During this time, the Organization of Amazon Basin Indigenous Peoples, or COICA, released a statement that included strong language regarding Miller's safety if he were to travel to Ecuador. It declared Miller "an enemy of Indigenous peoples in the Amazon Basin." The group later stated the organization would not be responsible for "the physical security of Mr. Miller ... ." Miller took the statements as a threat and complained to the U.S. State Department, the FBI and Congress.

Over the years, the IAF provided more than $1 million in support to COICA and now some officials within the administration and some in Congress were questioning U.S. support for an organization which they perceived as "terrorist." While COICA claimed that it was not and that the statement only underlined the seriousness of the issue, the IAF began to take the position, as a result of congressional pressure, that such statements were not acceptable.

Officials from the IAF met with representatives of COICA to ask for a retraction of the statement. COICA refused on the grounds the statement was not a threat and was formally approved by the organization. The IAF ceased all funding to COICA.

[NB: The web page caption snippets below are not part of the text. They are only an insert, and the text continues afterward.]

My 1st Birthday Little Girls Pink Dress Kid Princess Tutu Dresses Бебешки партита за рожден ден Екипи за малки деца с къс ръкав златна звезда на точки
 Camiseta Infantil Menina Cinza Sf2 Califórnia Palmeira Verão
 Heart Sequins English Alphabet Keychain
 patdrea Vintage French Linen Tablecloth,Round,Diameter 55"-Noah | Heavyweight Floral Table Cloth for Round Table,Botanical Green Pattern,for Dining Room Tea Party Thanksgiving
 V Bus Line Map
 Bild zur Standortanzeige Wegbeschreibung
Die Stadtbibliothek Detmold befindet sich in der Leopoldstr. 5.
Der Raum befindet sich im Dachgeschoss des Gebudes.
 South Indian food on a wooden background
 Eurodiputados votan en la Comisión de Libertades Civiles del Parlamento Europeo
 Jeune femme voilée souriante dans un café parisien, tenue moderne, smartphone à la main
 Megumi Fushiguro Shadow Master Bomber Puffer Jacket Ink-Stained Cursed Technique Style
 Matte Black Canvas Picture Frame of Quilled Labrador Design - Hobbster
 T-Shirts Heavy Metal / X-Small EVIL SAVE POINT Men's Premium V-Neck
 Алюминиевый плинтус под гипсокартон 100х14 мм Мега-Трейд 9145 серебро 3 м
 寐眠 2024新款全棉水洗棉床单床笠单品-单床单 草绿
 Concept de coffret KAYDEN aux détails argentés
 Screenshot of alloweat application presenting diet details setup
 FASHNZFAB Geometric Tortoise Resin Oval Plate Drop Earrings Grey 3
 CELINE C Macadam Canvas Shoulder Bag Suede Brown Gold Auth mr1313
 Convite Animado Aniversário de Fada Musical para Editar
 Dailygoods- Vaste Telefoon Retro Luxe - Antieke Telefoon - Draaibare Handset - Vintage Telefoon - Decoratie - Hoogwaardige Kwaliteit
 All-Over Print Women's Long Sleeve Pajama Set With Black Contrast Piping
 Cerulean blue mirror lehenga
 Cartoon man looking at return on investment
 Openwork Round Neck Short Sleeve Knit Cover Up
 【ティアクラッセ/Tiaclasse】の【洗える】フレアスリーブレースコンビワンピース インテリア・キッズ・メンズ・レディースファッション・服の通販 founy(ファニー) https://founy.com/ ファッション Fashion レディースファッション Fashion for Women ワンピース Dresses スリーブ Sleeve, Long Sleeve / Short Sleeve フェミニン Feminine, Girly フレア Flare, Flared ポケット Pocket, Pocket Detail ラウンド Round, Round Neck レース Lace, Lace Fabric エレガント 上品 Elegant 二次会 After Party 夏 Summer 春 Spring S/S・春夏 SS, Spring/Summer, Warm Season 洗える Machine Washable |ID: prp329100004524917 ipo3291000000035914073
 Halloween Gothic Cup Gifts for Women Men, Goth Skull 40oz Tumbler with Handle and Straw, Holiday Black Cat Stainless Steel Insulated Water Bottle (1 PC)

While relations between the IAF and COICA broke down, the Trademark Board agreed with petitioners and suspended Miller's patent on the plant. Then, forces within the U.S. government began to act against the IAF when Congress initiated dramatic cuts to the foundation budget.

IAF began with a congressional appropriation of $50 million as a block grant and worked unaffected by annual appropriations through its first decade of operation. However, it came under the authority of annual appropriations during the 1980s and since then funding has decreased, but not as dramatically as it did in 1999.

By then the agency's budget had been cut by a third and relations with some in Congress, like Jessie Helms, R-N.C., had become strained amid accusations the IAF supported leftists and terrorists.

Although the IAF has faced many challenges and political hurdles over the years and is working on a shoestring budget, its original goal remains and those who have worked for the foundation remain committed and stand upon the 30-year record of success.

Outlining the foundation's continuing commitment, Breslin stated in "Tribal Village to Global Village," a recent book published on Indigenous rights that, "No matter how poor their material conditions, people always have resources: intelligence, imagination, language, the skill of their hands, history, a sense of identity, a cultural heritage, pride, and a certain piece of land."

Despite unfortunate incidents like the ayahuasca patent and the Indigenous and congressional backlash, the IAF hopes to increase its annual funding and continue with the original mission "to serve communities in need," he said.